The crypto industry must achieve a “cooperative balance” to compete with major centralized tech companies entering the Web3 race, according to Cardano founder Charles Hoskinson at Paris Blockchain Week 2025, reports Cointelegraph.
He stated that the main issue in the DeFi sector is a “closed economy,” where the growth of one digital asset often comes at the expense of another. This limits the overall potential of the industry and makes it vulnerable to giants like Apple, Google, and Microsoft.
Hoskinson described the current tokenomics and market structure model as “conflictual.” He believes crypto projects should change their approach rather than “start a fight.”
The expert emphasized that with increasing regulatory clarity in the US, large corporations could enter the Web3 market soon.
Hoskinson’s comments came amid plans by US authorities to implement clear regulations for stablecoins.
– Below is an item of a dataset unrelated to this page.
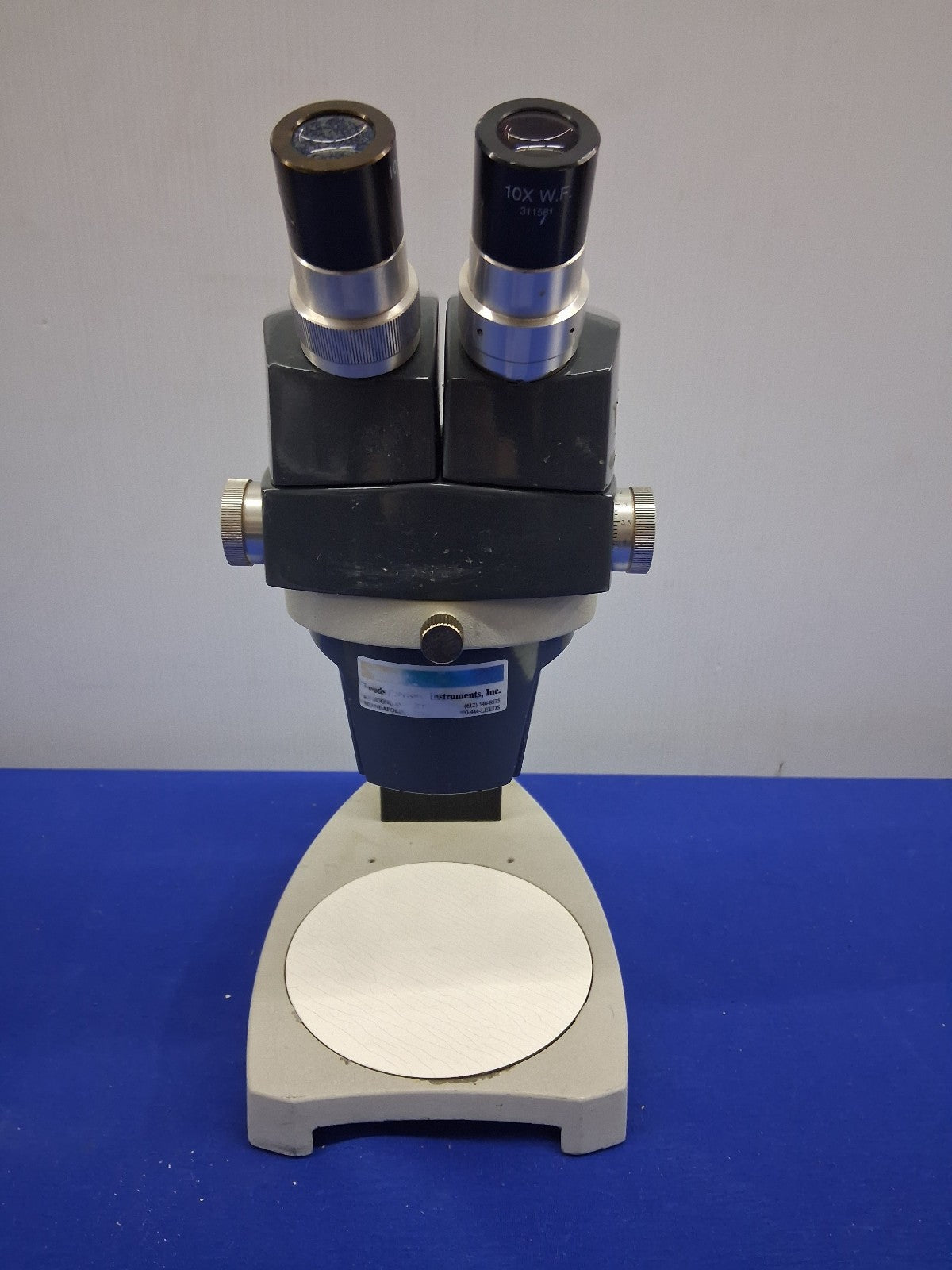 American Optical StereoStar Zoom 570 Vintage MICROSCOPE 0.7X To 4.2X & Stand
The document will establish collateral rules for stablecoin issuers, requiring full compliance with anti-money laundering laws.
“These are the barriers without which Facebook, Microsoft, Amazon, Google, Apple, and others will be able to enter the cryptocurrency space. Tell me, who owns their platforms? They do. That’s 3 billion users,” said Hoskinson.
He noted that corporations will begin integrating blockchain solutions as soon as stablecoin regulations are approved in the US.
In his view, crypto projects “need to create infrastructure that incoming tech giants can use.”
He also suggested establishing cooperation within the blockchain itself. Hoskinson discussed Cardano’s Minotaur project—a protocol that will combine several consensus algorithms to distribute rewards among different networks.
Back in November 2024, the Cardano founder announced talks with Elon Musk’s SpaceX. He did not provide details, citing a NDA.